• Data listing:

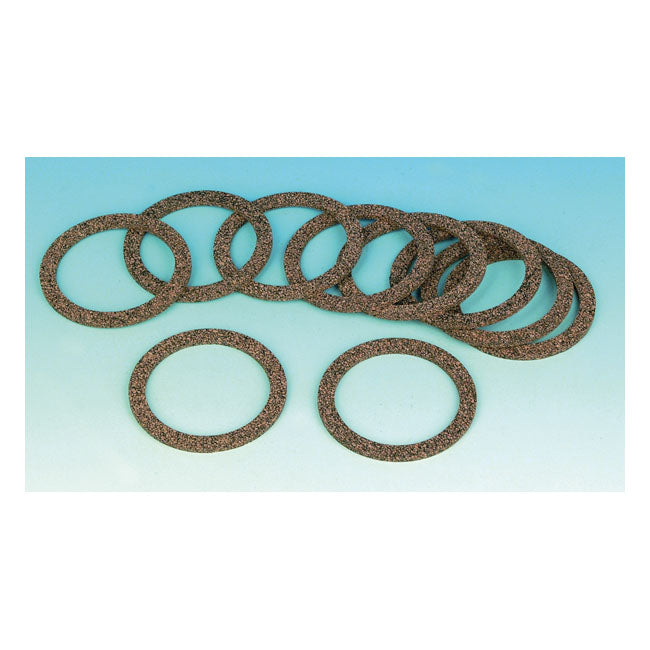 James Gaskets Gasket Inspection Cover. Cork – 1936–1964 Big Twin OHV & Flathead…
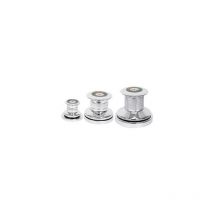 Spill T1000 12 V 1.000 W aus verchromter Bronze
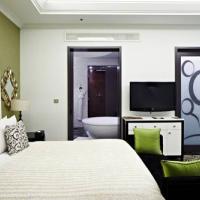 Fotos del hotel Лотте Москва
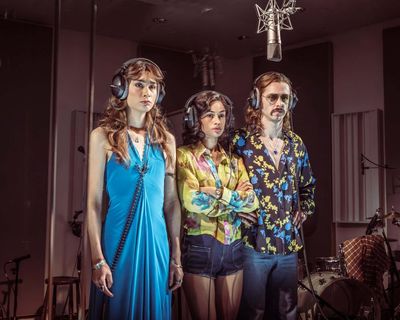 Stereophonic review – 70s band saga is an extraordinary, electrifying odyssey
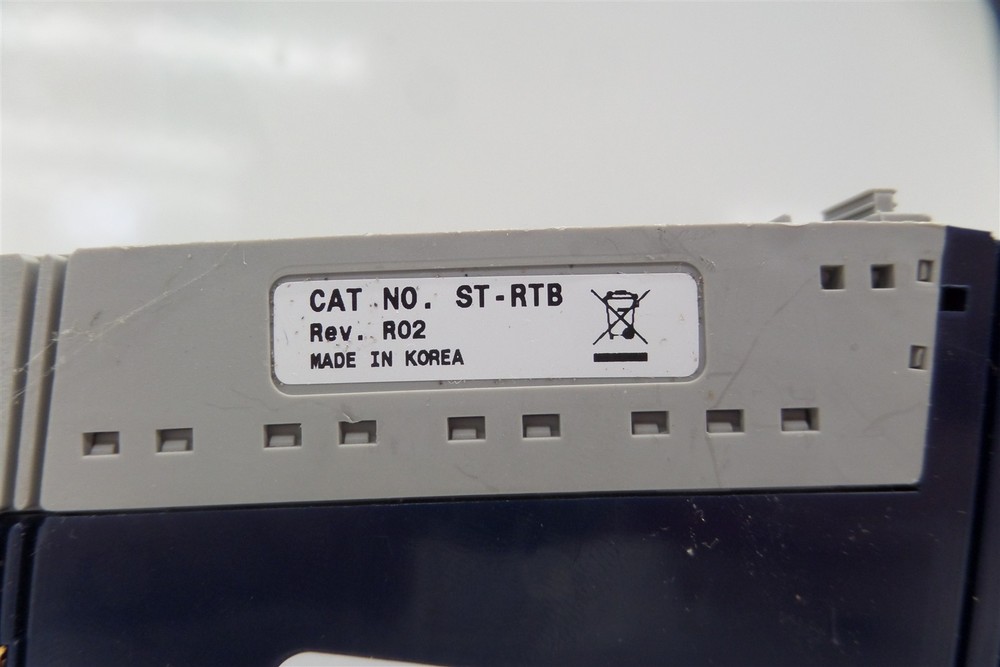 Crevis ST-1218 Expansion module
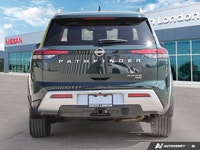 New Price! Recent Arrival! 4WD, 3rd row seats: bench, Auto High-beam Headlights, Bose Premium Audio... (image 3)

--

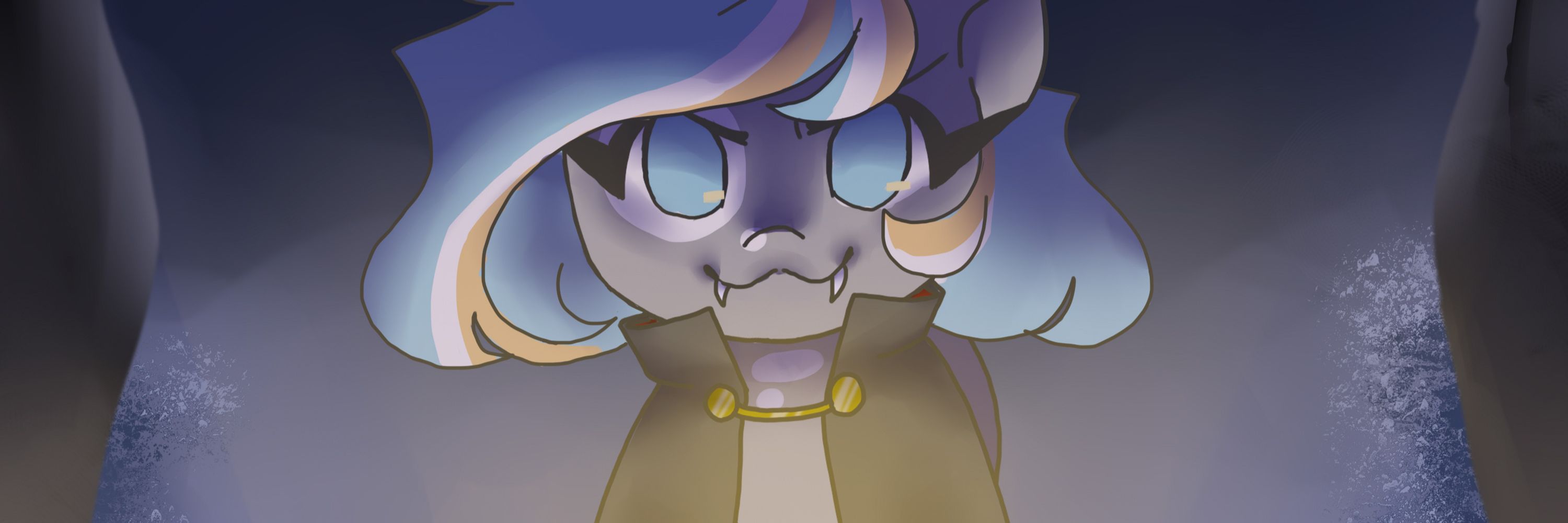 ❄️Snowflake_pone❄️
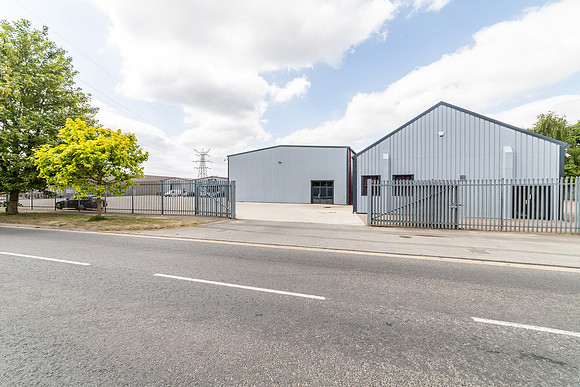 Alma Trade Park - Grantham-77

==

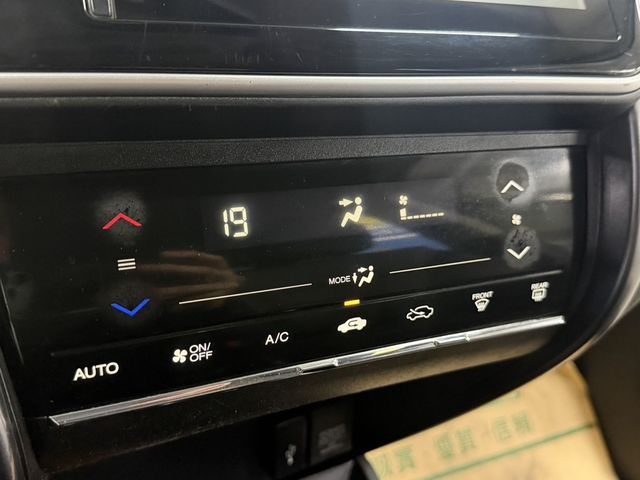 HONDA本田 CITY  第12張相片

• Exercise prompt:
Return the lines above from the one with "James Gaskets Gasket" through the one with "New Price! Recent", verbatim and nothing else. Omit every picture.

• Response to this exercise:
 James Gaskets Gasket Inspection Cover. Cork – 1936–1964 Big Twin OHV & Flathead…
 Spill T1000 12 V 1.000 W aus verchromter Bronze
 Fotos del hotel Лотте Москва
 Stereophonic review – 70s band saga is an extraordinary, electrifying odyssey
 Crevis ST-1218 Expansion module
 New Price! Recent Arrival! 4WD, 3rd row seats: bench, Auto High-beam Headlights, Bose Premium Audio... (image 3)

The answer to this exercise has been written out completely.